Conselheira da OAB-RJ

Presidente da Comissão de Criminologia do IAB

 

 

 

 

 

POSFÁCIO

“Invisibilidades: reflexos do racismo e da escravidão no Brasil” é um livro que evoca uma profunda reflexão sobre as persistentes consequências sociais e culturais deixadas pela escravidão e pelo racismo estrutural na sociedade brasileira. Na história da escravidão no Brasil, que durou quase quatro séculos, resta clara a percepção de que não terminou com a assinatura da Lei Áurea em 1888 e suas sequelas continuam a afetar as vidas de milhões de afro-brasileiros, manifestando-se de diversas formas, desde a desigualdade socioeconômica até a violência racial, a marginalização cultural e segregação ambiental.

A “invisibilidade” mencionada reflete a ausência de representatividade negra em posições de poder e destaque na sociedade, onde negros frequentemente são sub-representados em setores como política, mídia, educação e negócios. Essa invisibilidade também se estende à negação da contribuição africana para a formação cultural, histórica e social do Brasil, uma herança rica que vai muito além da mera força de trabalho escravizada.

A obra destaca como o racismo estrutural opera para manter essa invisibilidade, perpetuando estereótipos negativos e limitando o acesso a oportunidades de desenvolvimento e reconhecimento.

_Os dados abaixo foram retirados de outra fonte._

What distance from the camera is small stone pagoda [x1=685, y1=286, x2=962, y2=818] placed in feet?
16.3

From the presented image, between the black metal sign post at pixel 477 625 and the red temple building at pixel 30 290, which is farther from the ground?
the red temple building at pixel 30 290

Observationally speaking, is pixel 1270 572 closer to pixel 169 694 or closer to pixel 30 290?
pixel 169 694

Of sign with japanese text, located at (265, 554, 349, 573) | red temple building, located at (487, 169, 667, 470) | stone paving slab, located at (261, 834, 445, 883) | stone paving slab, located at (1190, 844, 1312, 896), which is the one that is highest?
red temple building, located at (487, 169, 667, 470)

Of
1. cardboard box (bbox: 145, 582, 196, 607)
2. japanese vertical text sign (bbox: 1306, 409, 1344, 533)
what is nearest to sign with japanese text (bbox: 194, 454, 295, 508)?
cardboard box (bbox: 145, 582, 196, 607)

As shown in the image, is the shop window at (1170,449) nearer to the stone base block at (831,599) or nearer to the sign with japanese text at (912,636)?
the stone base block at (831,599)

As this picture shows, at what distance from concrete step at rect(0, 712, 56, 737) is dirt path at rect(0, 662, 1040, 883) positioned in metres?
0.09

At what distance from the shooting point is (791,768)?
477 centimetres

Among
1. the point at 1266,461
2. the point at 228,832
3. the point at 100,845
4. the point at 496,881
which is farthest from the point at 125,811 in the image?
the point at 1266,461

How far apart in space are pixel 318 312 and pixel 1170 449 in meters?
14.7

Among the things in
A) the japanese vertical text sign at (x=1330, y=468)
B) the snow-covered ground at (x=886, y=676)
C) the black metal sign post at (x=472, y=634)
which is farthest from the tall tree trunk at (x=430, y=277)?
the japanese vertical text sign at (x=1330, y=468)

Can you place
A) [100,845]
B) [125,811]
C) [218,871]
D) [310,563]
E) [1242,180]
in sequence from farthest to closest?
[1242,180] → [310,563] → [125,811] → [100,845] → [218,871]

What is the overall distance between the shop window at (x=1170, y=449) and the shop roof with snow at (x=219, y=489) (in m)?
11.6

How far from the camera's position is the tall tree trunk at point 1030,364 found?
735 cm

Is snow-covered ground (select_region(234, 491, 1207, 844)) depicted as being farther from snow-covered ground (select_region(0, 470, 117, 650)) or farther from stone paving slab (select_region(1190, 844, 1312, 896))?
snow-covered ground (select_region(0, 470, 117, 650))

Os racismos multifacetados no Brasil sempre velados, negados pela mitificação da democracia racial, um conceito que sugere uma harmonia racial que não existe na prática. Essa negação impede a elucidação plena do problema e, consequentemente, a busca por soluções efetivas, por mais que existam políticas públicas para tal.

No decorrer da coletânea percebe-se a importância que a educação detém, sendo um dos campos mais afetados por essa herança de invisibilidade da verdadeira história da escravidão no Brasil. A história e a cultura negra, por exemplo, ainda lutam por espaço nos currículos escolares, o que contribui para a perpetuação da marginalização cultural. Na economia, a desigualdade racial se manifesta em disparidades salariais e de tributação, desemprego mais elevado entre negros e menor acesso a posições de liderança.

Por fim, temos uma obra que realmente visibiliza as mazelas brasileiras estruturais e institucionais às quais o combate não cessará tão cedo, porém, com ações afirmativas como essa da Comissão da Verdade da Escravidão Negra do Brasil da subseção OAB Barra da Tijuca – RJ, incentiva-se que a decolonialidade se aplique à mais esferas da sociedade brasileira para que se constitua efetivamente o que almeja a Constituição Federal vigente, uma sociedade equânime e justa.